COLLECTED DATA =

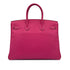 HERMES CANDY BIRKIN 35 ROSE TYRIEN RUBIS VEAU EPSOM HAND BAG □O SHW 90298148 - PURPOSE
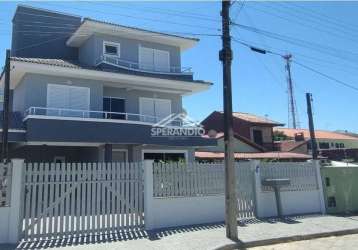 Sobrado com 4 dormitórios à venda, 218 m² por r$ 1.300.000,00 - brasília - itapoá/sc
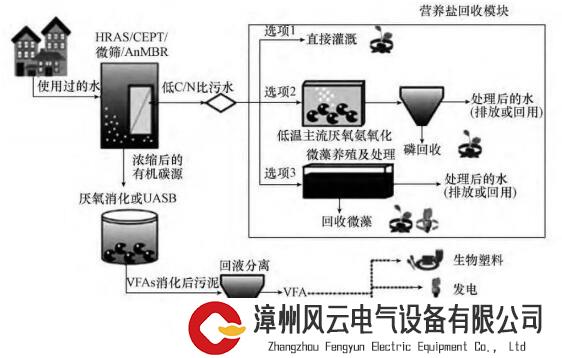 污水厂“0”能量需求？揭秘“营养物+能源+再生水”的荷兰先进模式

ASSIGNMENT = The answer should consist solely of the lines from the one containing "Sobrado com 4" through the last line of the material, copied exactly, with pictures left out.

ANSWER SPACE =
 Sobrado com 4 dormitórios à venda, 218 m² por r$ 1.300.000,00 - brasília - itapoá/sc
 污水厂“0”能量需求？揭秘“营养物+能源+再生水”的荷兰先进模式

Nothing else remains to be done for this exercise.